* _The problem_
For the data below, retype word for word the lines from the one containing "Photo 2 of 10" through the one containing "Juego Spider Sphere Juego Spider Sphere"; drop the pictures.

==*==

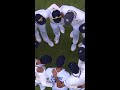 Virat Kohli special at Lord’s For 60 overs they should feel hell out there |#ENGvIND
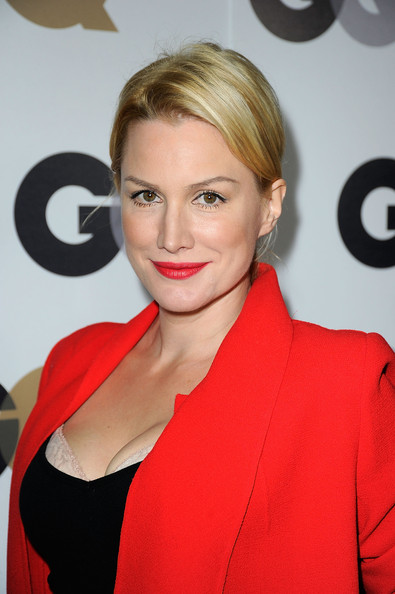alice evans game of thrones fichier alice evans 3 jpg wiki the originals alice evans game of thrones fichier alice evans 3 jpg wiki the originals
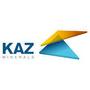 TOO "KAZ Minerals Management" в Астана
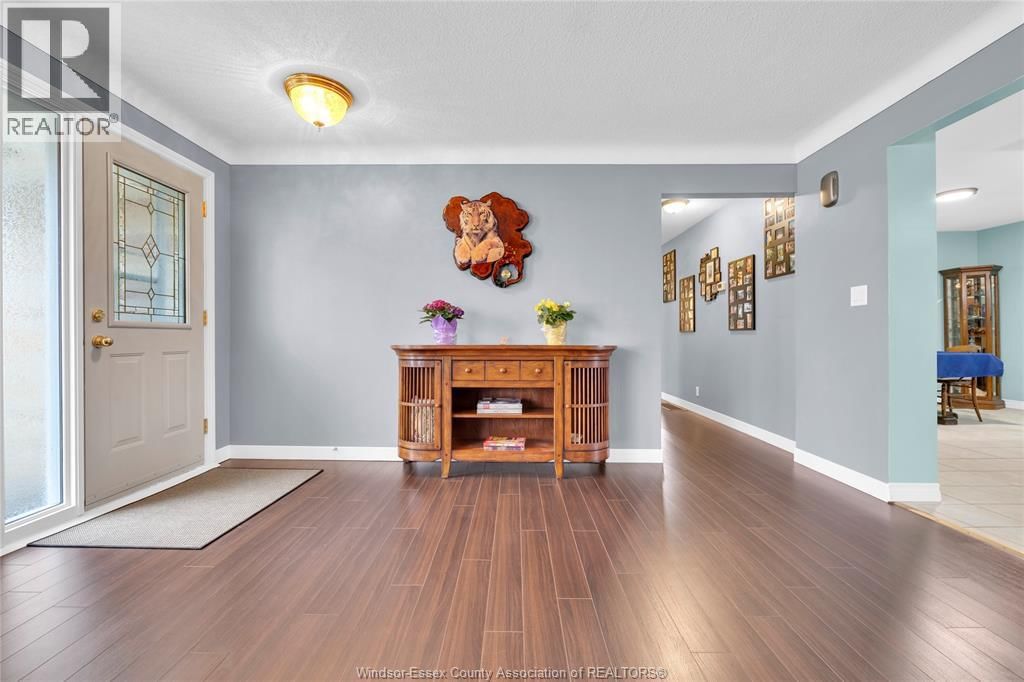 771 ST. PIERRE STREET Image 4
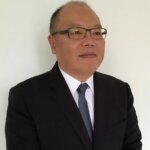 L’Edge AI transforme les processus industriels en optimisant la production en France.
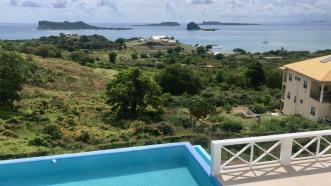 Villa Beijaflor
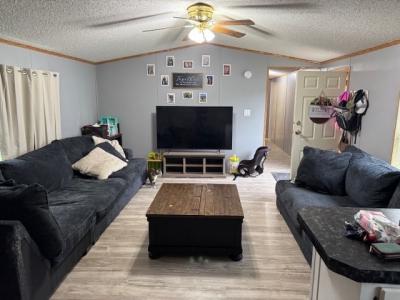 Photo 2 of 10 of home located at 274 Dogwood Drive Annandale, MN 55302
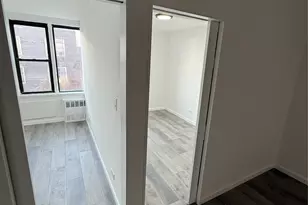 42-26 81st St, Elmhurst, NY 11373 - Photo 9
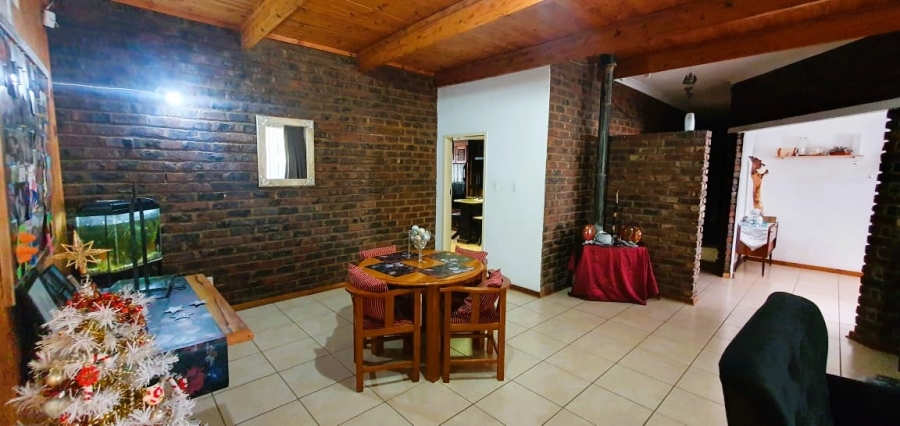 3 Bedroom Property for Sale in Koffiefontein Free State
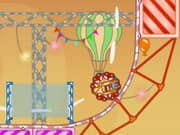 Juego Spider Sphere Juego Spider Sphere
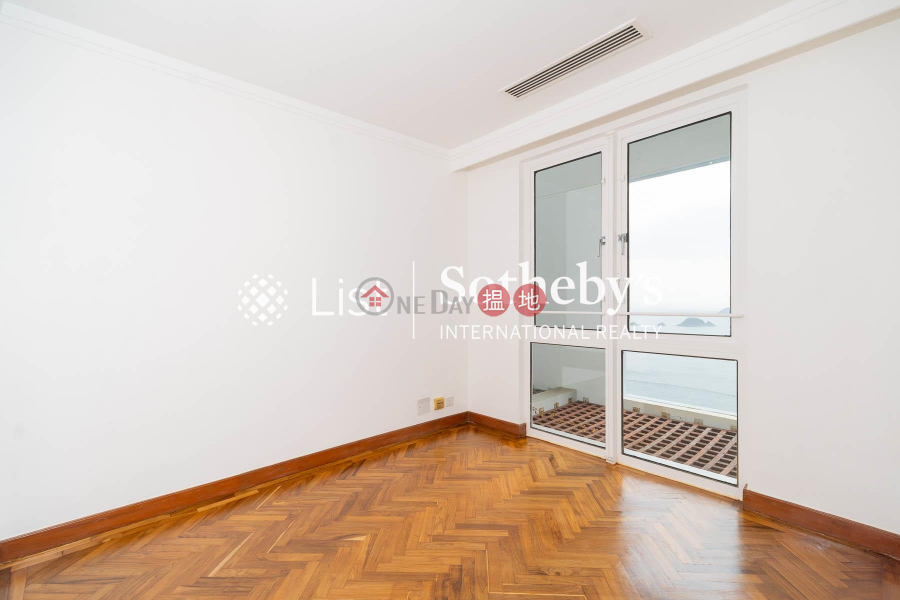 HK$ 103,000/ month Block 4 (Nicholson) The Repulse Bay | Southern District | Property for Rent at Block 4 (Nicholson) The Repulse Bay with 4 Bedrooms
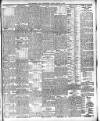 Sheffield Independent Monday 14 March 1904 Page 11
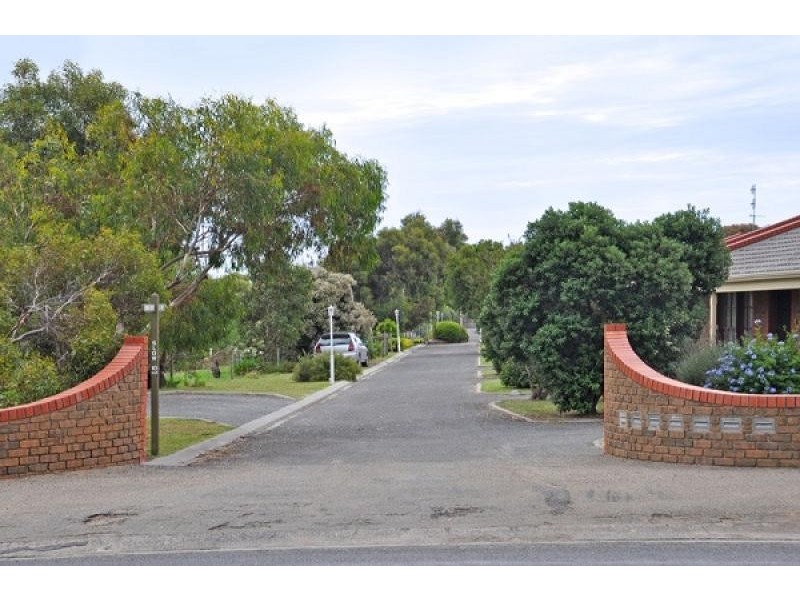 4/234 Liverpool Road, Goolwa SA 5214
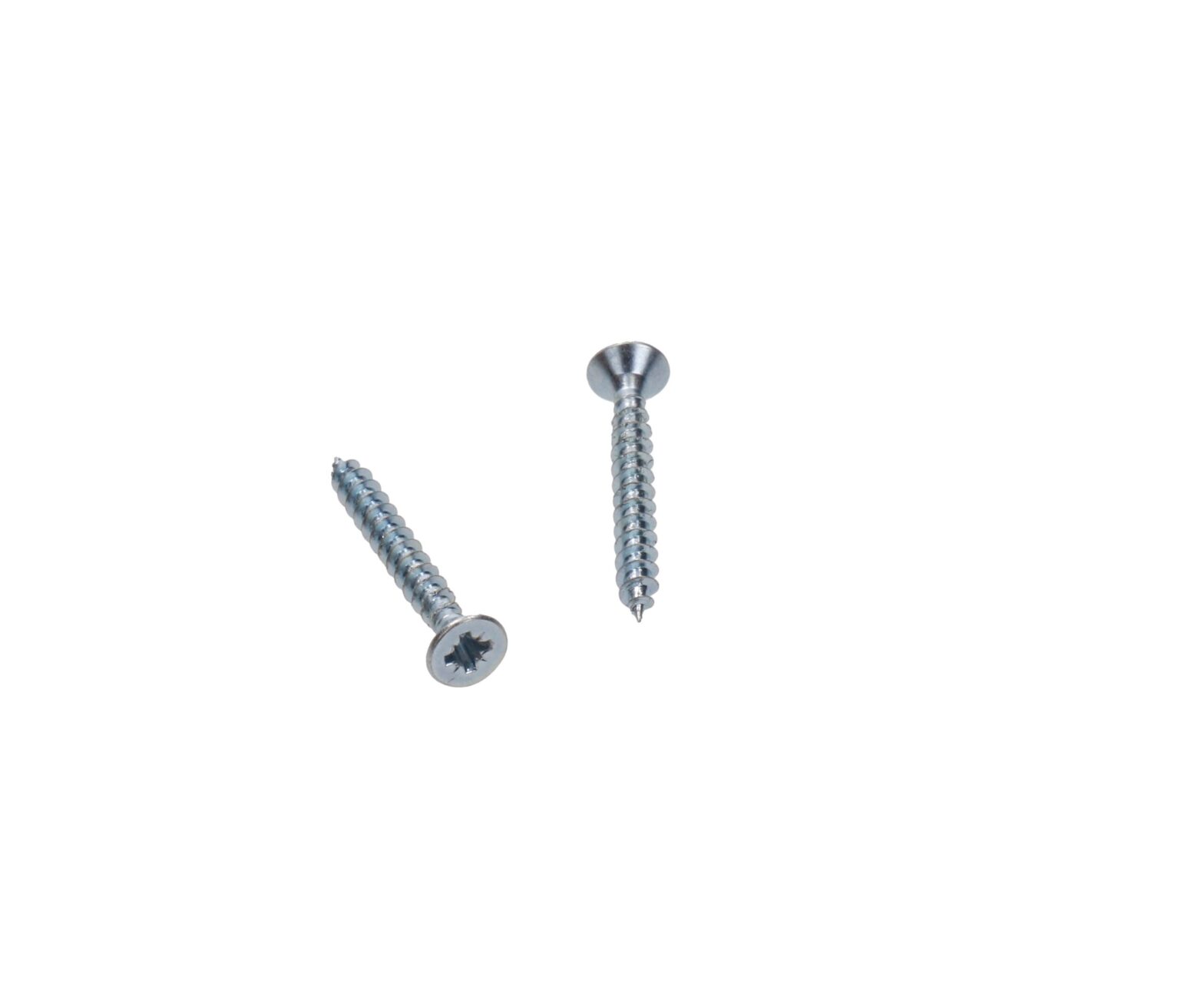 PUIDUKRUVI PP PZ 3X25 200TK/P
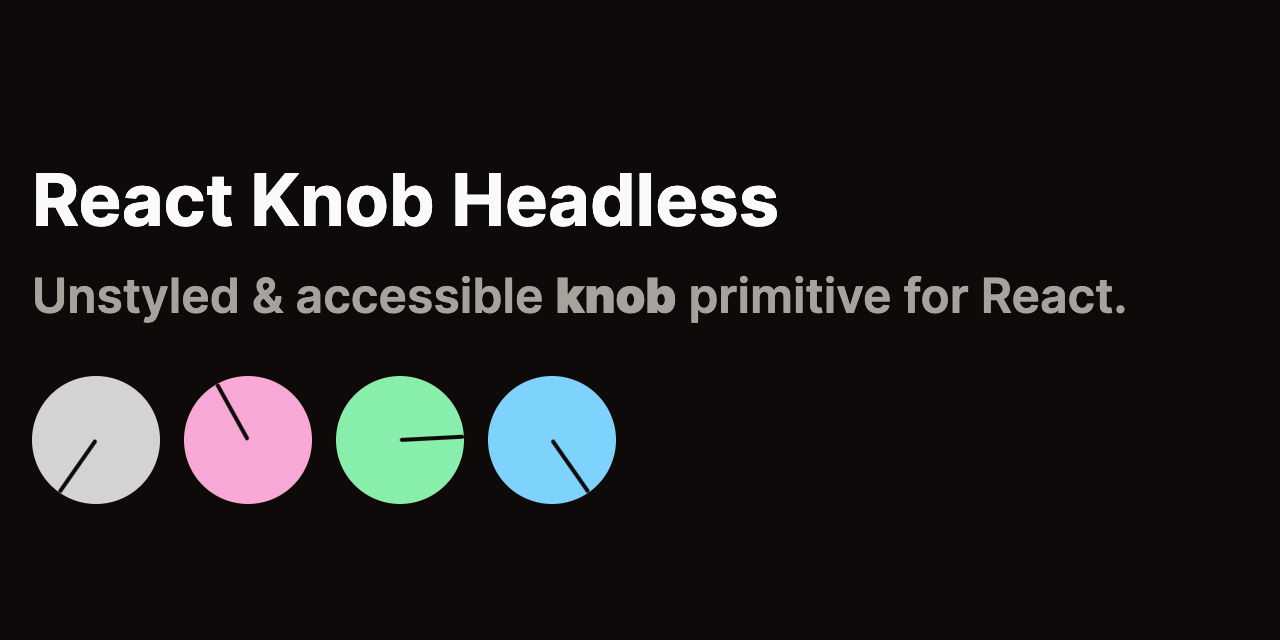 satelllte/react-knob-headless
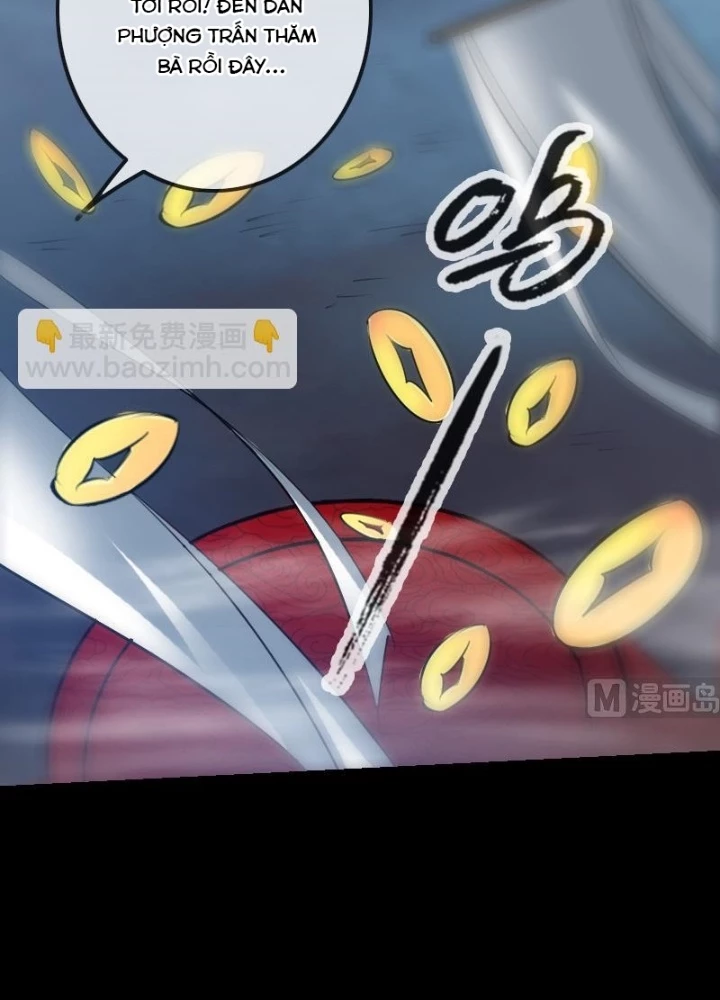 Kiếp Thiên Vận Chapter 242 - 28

==*==

* _Answer box_
 Photo 2 of 10 of home located at 274 Dogwood Drive Annandale, MN 55302
 42-26 81st St, Elmhurst, NY 11373 - Photo 9
 3 Bedroom Property for Sale in Koffiefontein Free State
 Juego Spider Sphere Juego Spider Sphere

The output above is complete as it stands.